The Radical Abandonment of Self-interest

Psalm 23; Isaiah 50:4-9a; Philippians 2:5-11; John 10:11-18

Civilization defines justice as retribution – payback; an eye for an eye. But the deeper meaning of justice is distributive: the rain falls on the good, the bad, and the ugly without partiality. Civilization does not use that definition except in cases where there is clearly injustice if partiality enters the picture. The positive understanding of distributive justice is contained in the term distributive justice-compassion. The normal development of civilizations has historically led to systems for assuring safety and security of citizens. But as any reader of Charles Dickens must be aware, those systems often exclude the poor, the uneducated, those who are presumed to have no economic or social power (women, minorities). Members of societies who are denied access to those powers often become ensnared in activities deemed anti-social or criminal in order to survive. Distributive justice-compassion would not demand payback or retribution for such activities, but would provide solutions: reeducation, rehabilitation, redress of grievances. Distributive justice-compassion holds sway in the Covenant relationship with the non-violent, inclusive, kenotic realm or kingdom of God. Justice as retribution/pay-back holds sway in the normal march of humanity into civilization. The short-hand term for the seemingly inevitable systems of injustice that are the result of that march is “Empire.”

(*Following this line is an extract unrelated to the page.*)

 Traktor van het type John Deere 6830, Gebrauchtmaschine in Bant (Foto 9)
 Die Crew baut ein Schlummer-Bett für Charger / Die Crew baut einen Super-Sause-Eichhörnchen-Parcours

The Apostle Paul was convinced that Jesus’s resurrection was of a spiritual, mystical body, which was automatically part of the kingdom of God – and that we who are living today can also participate in that kingdom if we choose God’s Covenant of nonviolent distributive justice-compassion instead of the violent retributive justice of Empire. Under the Covenant no one is judged by circumstance, but everyone is presumed to be transformed – or at least capable of transformation; the assumption is rehabilitation and hope; that everyone has access to power and the assurance of food, clothing, shelter, medical care, and peace regardless of who they are or where they come from. Paul writes in his second letter to the Corinthians that “there is a new creation: everything old has passed away; see, everything has become new!” Because the transformation is ongoing – for upwards of two thousand years now – we are called to participate in a new creation– a new paradigm – a world based on letting go and sharing rather than keeping and greed.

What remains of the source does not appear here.